TASK: From the listing below, restate word for word the lines from the line containing "贵州毕节阵容(贵州毕节少数民族有哪些)插图4" down through the line containing "Figure 1 from". Exclude pictures.

MATERIAL PROVIDED:

——————————

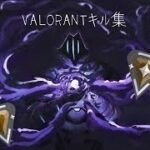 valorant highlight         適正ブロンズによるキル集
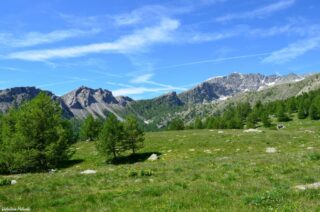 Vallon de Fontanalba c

——————————

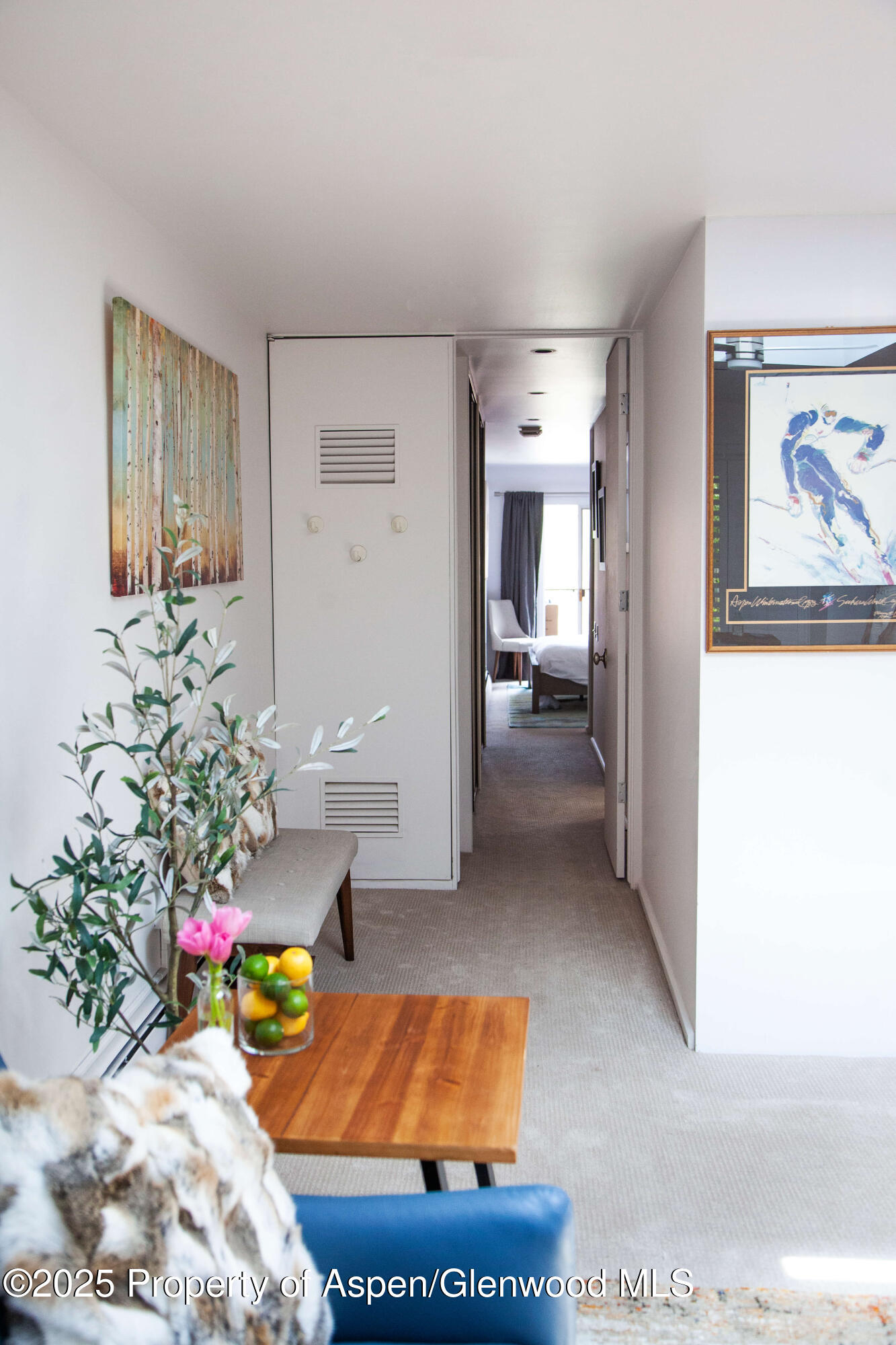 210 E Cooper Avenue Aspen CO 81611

——————————

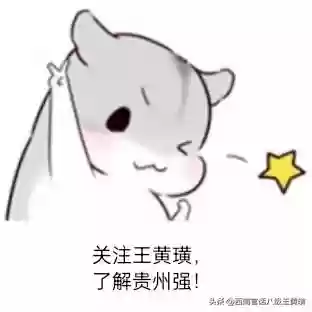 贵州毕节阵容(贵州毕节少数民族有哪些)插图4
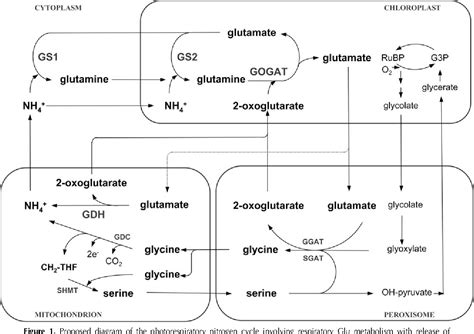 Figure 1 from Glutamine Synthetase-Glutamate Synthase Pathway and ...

——————————

YOUR RESPONSE:
 贵州毕节阵容(贵州毕节少数民族有哪些)插图4
 Figure 1 from Glutamine Synthetase-Glutamate Synthase Pathway and ...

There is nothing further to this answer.